# Cote occasion mon iPad mini



## PH78 (13 Septembre 2015)

Bonjour,

Je cherche une estimation du prix de vente de mon iPad mini.

iPad mini fin 2012
32GO
Gris sidéral

Apple le reprend … 70€ …

Merci à vous.

PH


----------



## Deleted member 284611 (14 Septembre 2015)

75?


----------



## PH78 (14 Septembre 2015)

Moumou92 a dit:


> 75?


 
Argh !
C'est vrai pas plus ? 
Bon ...


----------



## Ealdu (14 Septembre 2015)

PH78 a dit:


> Bonjour,
> 
> Je cherche une estimation du prix de vente de mon iPad mini.
> 
> ...




Va voir les prix sur le bon coin, cela te donnera une idée du prix à demander. 

De toute façon le bon prix sera celui ou il partira!

Sur tout les sites de recyclage, il ne sont très généreux.
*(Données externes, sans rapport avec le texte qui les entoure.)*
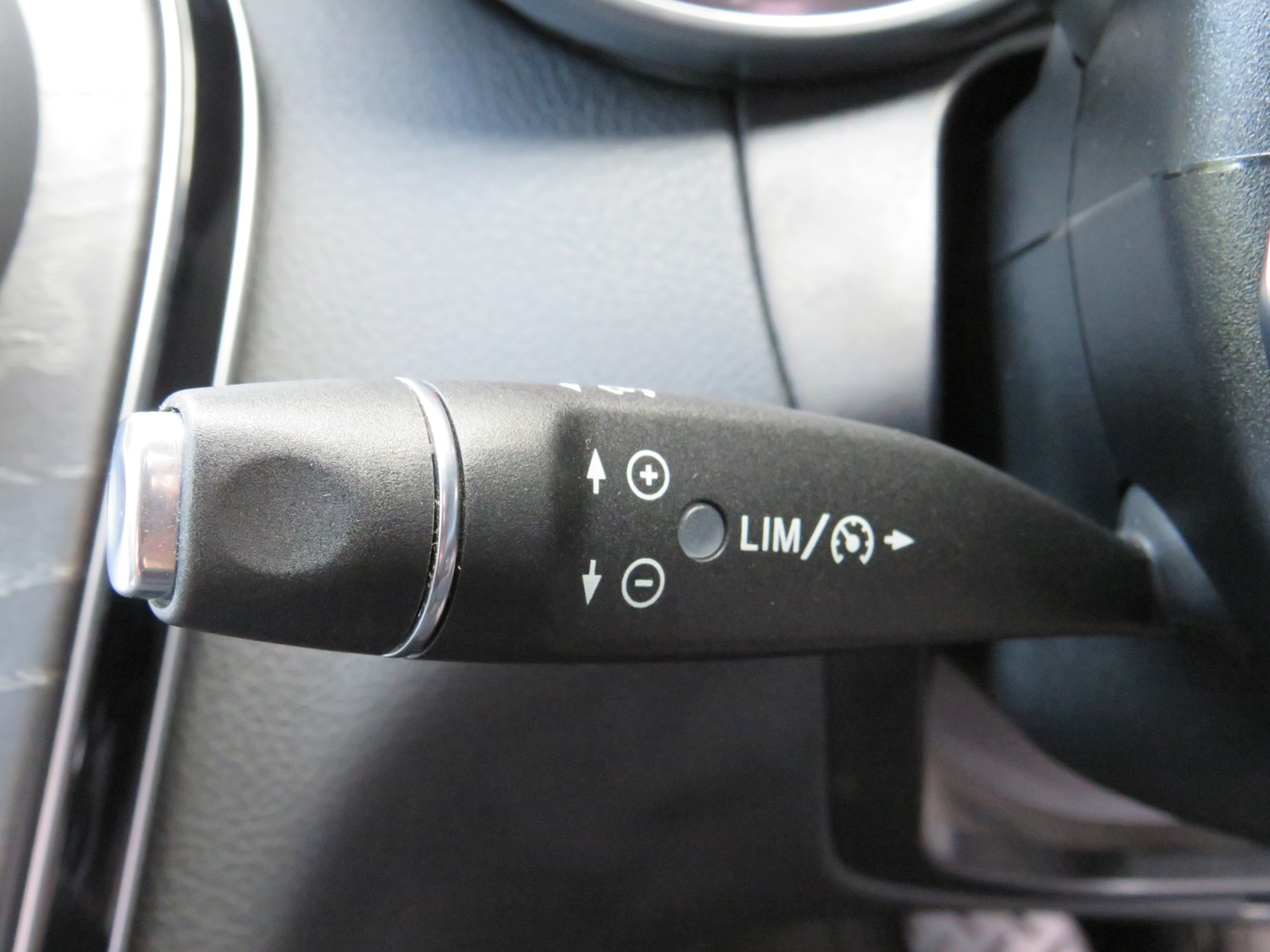 Used Mercedes-Benz C Class 2017 for sale - 77298623: Photo 31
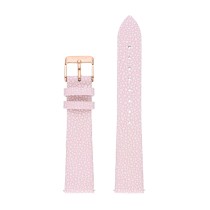 Watch Strap Watx & Colors WXCO1040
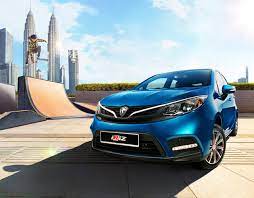 Walaupun harga kereta proton agak berpatutan, spesifikasi setiap kereta juga pasti sangat setanding, terutamanya kerana setiap kereta telah. Proton Iriz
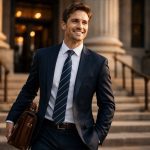 Банкротство по делу А40.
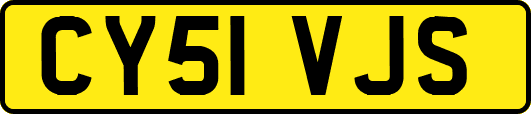CY51VJS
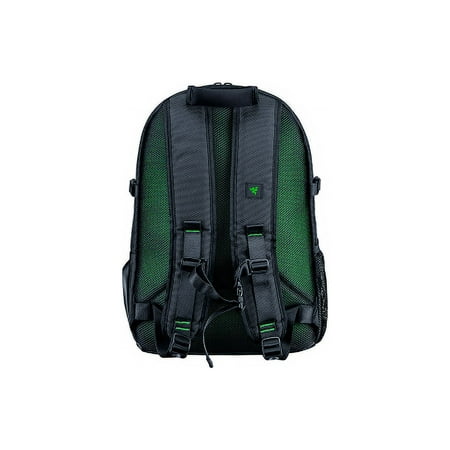 Razer - Rogue V3 Backpack for 15" Laptops - Chromatic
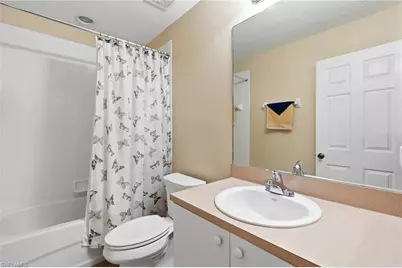 4259 Bellasol Cir #2013, Fort Myers, FL 33916 - Photo 21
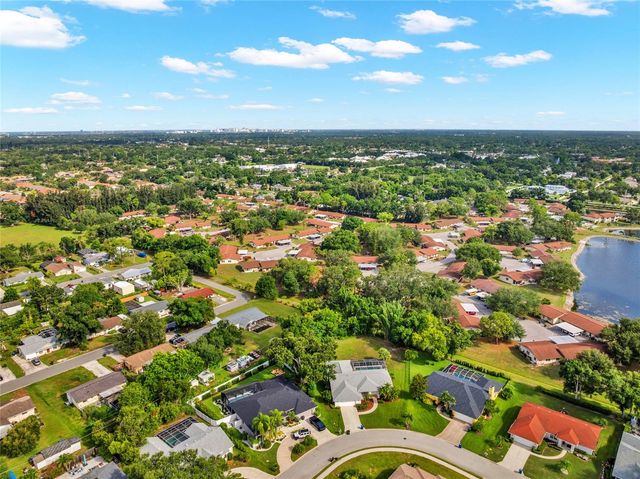 4603 ATLANTIC AVENUE, Sarasota, FL 34233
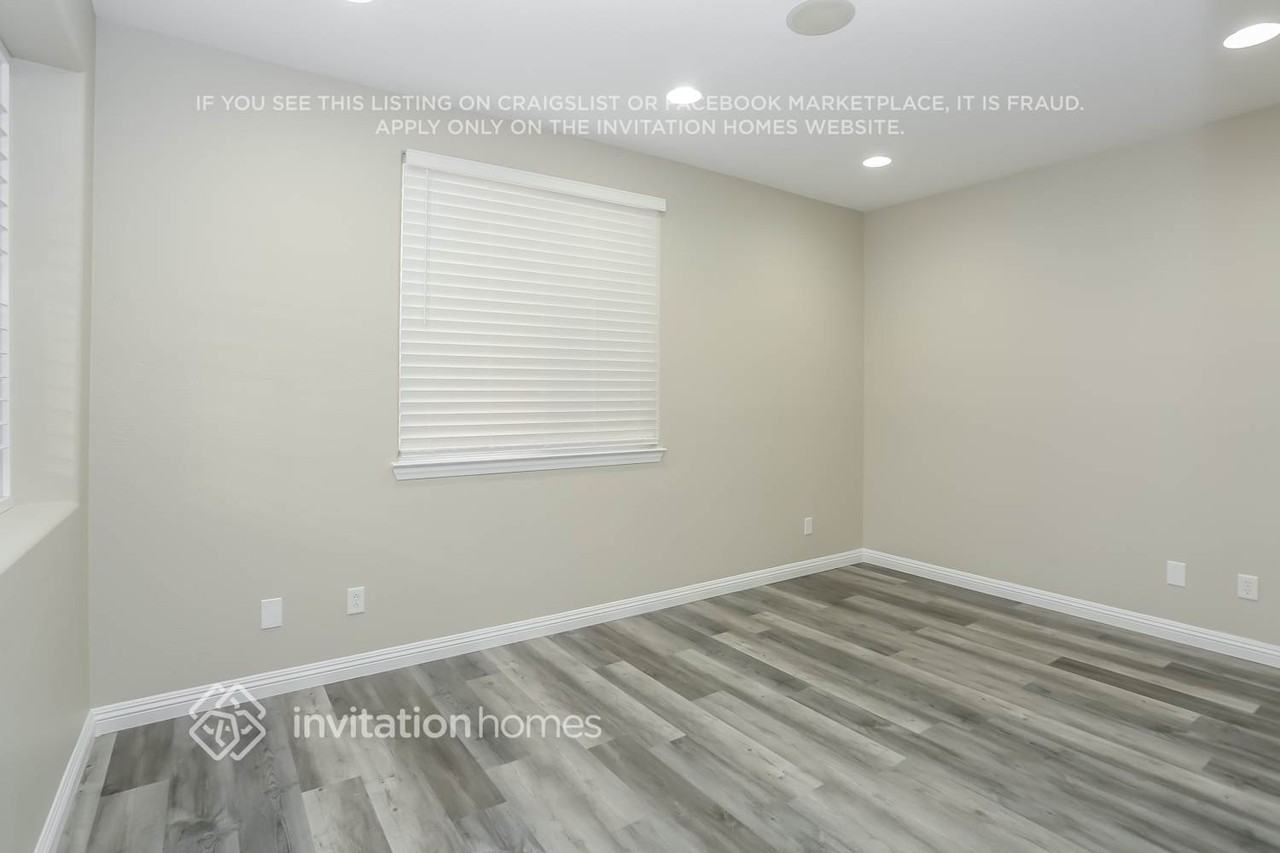 8008 San Mateo St - Photo 6 of 14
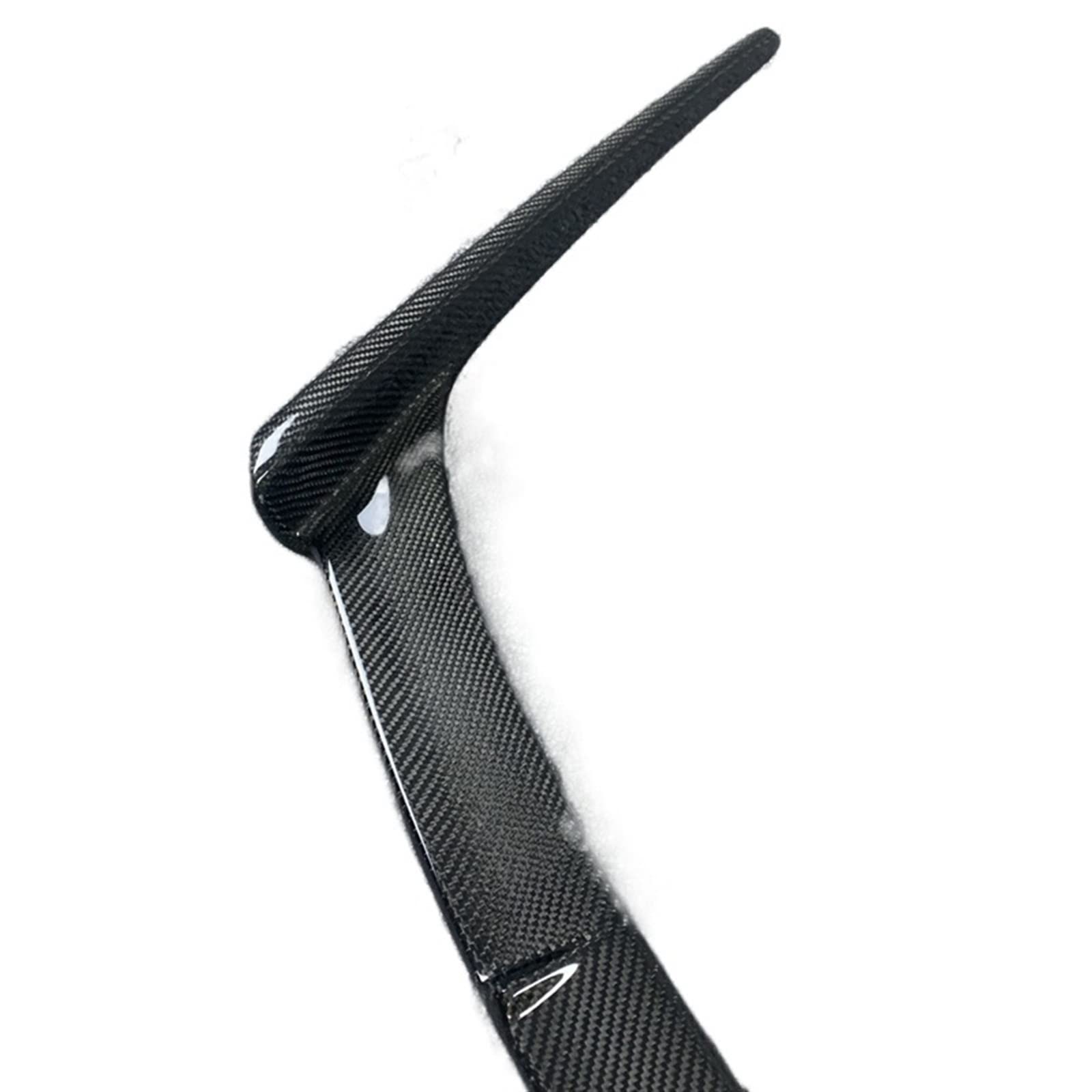 Amazon.co.jp: スポイラー シビック FN2 2007-2011 Typer R シーカー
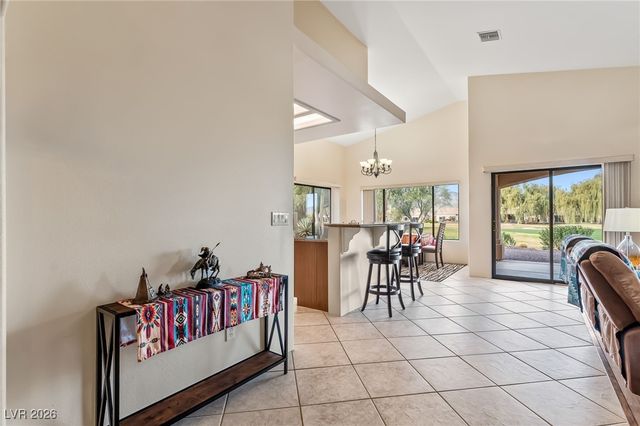 1418 Palm Drive, Laughlin, NV 89029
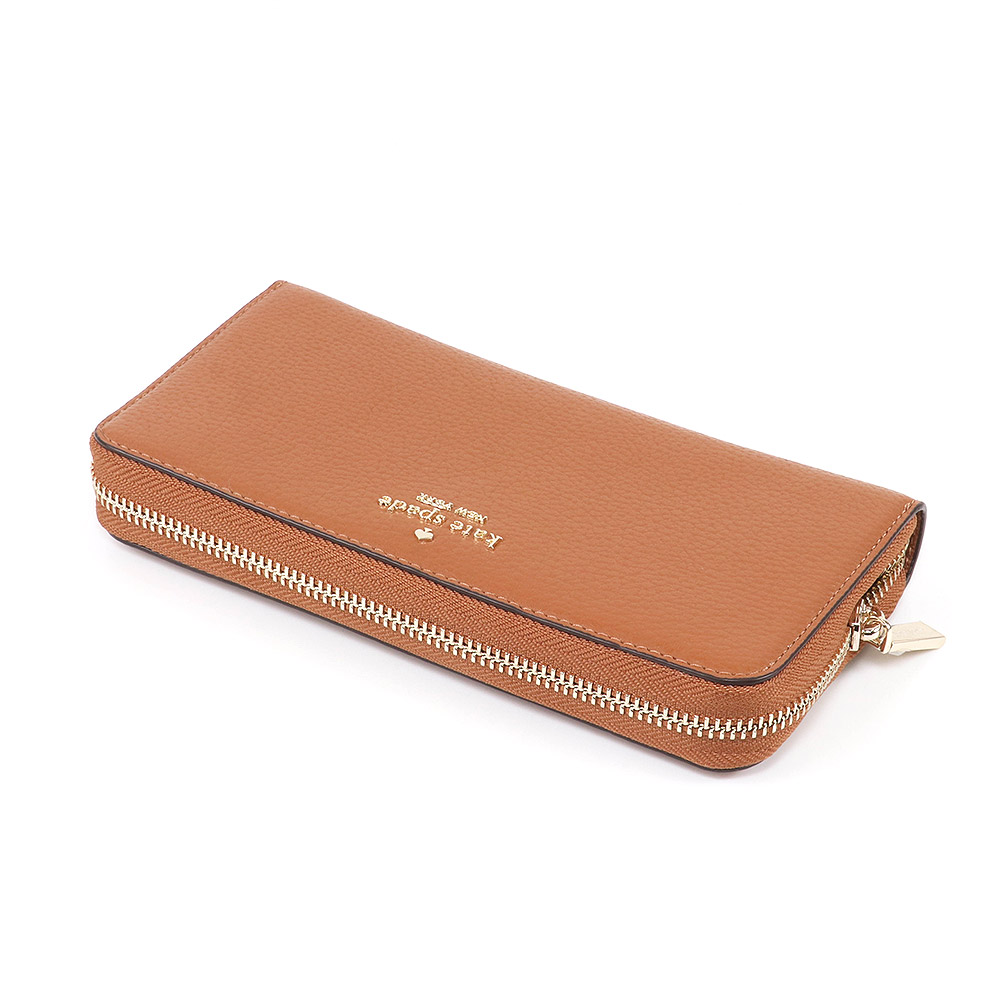 kate spade NEW YORK ケイトスペード KATESPADE 財布 長財布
Pareille dans les boutiques d'occasion (style happy cash ou autre....)

Sincèrement il vaut plus, surtout un 32go!


----------



## melaure (15 Septembre 2015)

Allez 80 par ici ! 

C'est pas une vente aux enchères ?


----------



## iphone5stiti (18 Septembre 2015)

Désespère pas j'ai réussi à vendre mon iPad mini 1 16go avec boîte et facture à 160€ au mois d'août


----------